Zionists and the Holocaust, The One with a Capital H as Well as the One Taking Place Today
A disturbing reflection by Guillermo Calvo Mahé, April 30, 2024
This reflection is long overdue and deals with facts that have been in plain sight for a very long time but which have been obfuscated, distorting the terrible reality in which we find ourselves and thus, making real solutions to the problems we face unattainable. However, the horrible deliberate slaughter we are experiencing in the Middle East, specifically in Palestine (Hedges, 2024, Al Jazeera, 2017), has brought the issue treated in this reflection to the forefront and, if the phrase “never again” is ever to attain the meaning ascribed to it (primarily as a slogan) following the Holocaust, it is essential that the concepts involved be fully and accurately examined. The topic dealt with in this reflection deals with the sociopolitical phenomenon known as Zionism, a widely used term usually devoid of context which, to an extent, this reflection seeks to provide. Not as a mere academic exercise but as a wakeup call and an existential warning, especially to the Jewish community which has been and continues to be used and abused by Zionists for their own nefarious purposes.
Zionism was originally a positive and important defensive reaction to European antisemitism seeking to encourage persecuted Jews worldwide to unite to aggressively defend their rights to equality and eventually, to establish a special refuge under Jewish control (Eichler, 2013). Many places were considered, including Argentina, Brazil and Uganda but eventually, the Palestinian portion of the Ottoman Empire came to be especially coveted, although it had been inhabited for millennia by, among others, the descendants of Jews who had refused to leave Palestine despite Roman persecution, most of whom had first been forcibly converted to Christianity and then to Islam. Those descendants of the original Hebrew population form the core of today’s Palestinians, albeit intermixed with other nationalities and cultures including Arab migrants.
In its quest to wrest Palestine from its inhabitants (Al Jazeera, 2017), Zionism unfortunately morphed into a rabid subgroup within Judaism but which also included Christian fundamentalist.
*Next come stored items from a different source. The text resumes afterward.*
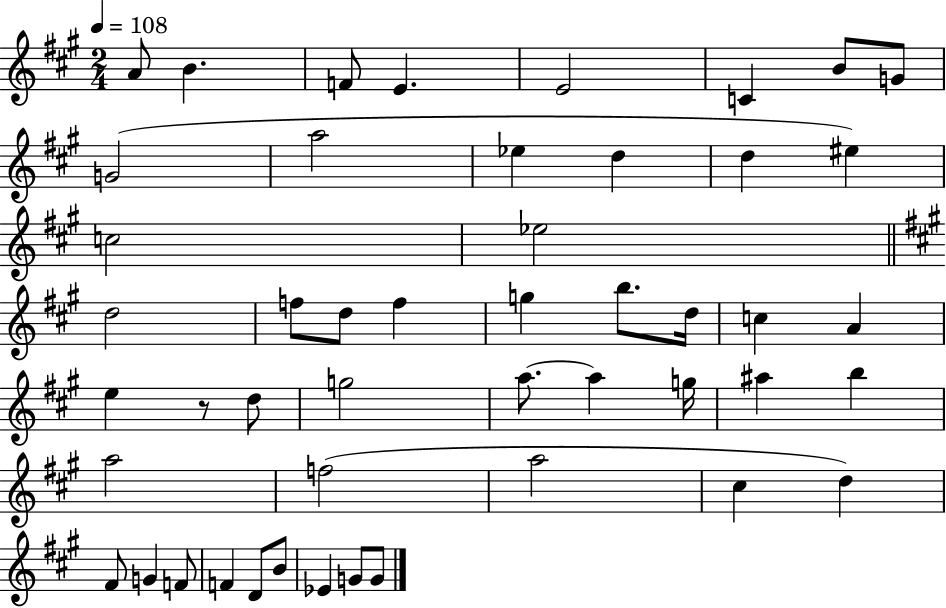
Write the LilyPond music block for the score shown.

{
  \clef treble
  \numericTimeSignature
  \time 2/4
  \key a \major
  \tempo 4 = 108
  a'8 b'4. | f'8 e'4. | e'2 | c'4 b'8 g'8 | \break g'2( | a''2 | ees''4 d''4 | d''4 eis''4) | \break c''2 | ees''2 | \bar "||" \break \key a \major d''2 | f''8 d''8 f''4 | g''4 b''8. d''16 | c''4 a'4 | \break e''4 r8 d''8 | g''2 | a''8.~~ a''4 g''16 | ais''4 b''4 | \break a''2 | f''2( | a''2 | cis''4 d''4) | \break fis'8 g'4 f'8 | f'4 d'8 b'8 | ees'4 g'8 g'8 | \bar "|."
}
The latter, although inherently anti-Semitic, see the establishment of a dominant Jewish state in Palestine as a prerequisite for Armageddon and then, the second coming of their messiah (Lewis, 2021) whom they refer to as Jesus the Christ, appellations which that individual never used, his name probably having been Yeshua ben Yosef. Problematically, Zionists attempt to speak for all Jews despite being rejected and considered anathema by many (Glass, 1975) and, instead of reducing antisemitism, have increased it, in many cases actively promoting it in an effort to force recalcitrant Jews to come under their umbrella, especially with respect to securing a Jewish majority in Palestine (Dowty, 2008; Nicosia, 2008; Reinharz, 1985). Indeed, Zionist tactics and strategies have come to mimic those of the German Nazis during the second war to end all wars, an irony of epic proportions. In light of the foregoing, it is essential to understand that Zionism and Judaism are extremely far from synonymous.
Unintended consequences are not always bad things; sometimes they make us reexamine past assumptions and beliefs. That is certainly the case with respect to the current genocide perpetrated by Israeli Zionists against Palestinians in the quest for ethnic cleansing (Hedges, 2024; Borrows-Freedman, 2024) and the support of such atrocities by all the major participants in the second war to end all wars, both Allies and Axis powers. Atrocities involving Israeli genocide and ethnic cleansing ongoing for over three quarters of a century (Al Jazeera (2017), in fact, since the end of the second war to end all wars, a war purportedly fought to eliminate state sponsored crimes of lesse humanidad, although, as in the case of most wars, the purported purpose was far from accurate.[1] In light of that reality, it is past time to conduct an objective review of just what happened during the build up to the second war to end all wars, what really happened during that war and what happened immediately following the war, in order to determine why it occurred, who was to blame and just how widespread the evil was. One question that has been asked but never answered with respect to that war’s immediate aftermath is why the atomic bombing of Japan was not considered genocide or the internment of Japanese Americans in concentration camps not considered a crime of lesse humanidad, such as the crimes with which leaders of the countries that lost that war were charged.[2]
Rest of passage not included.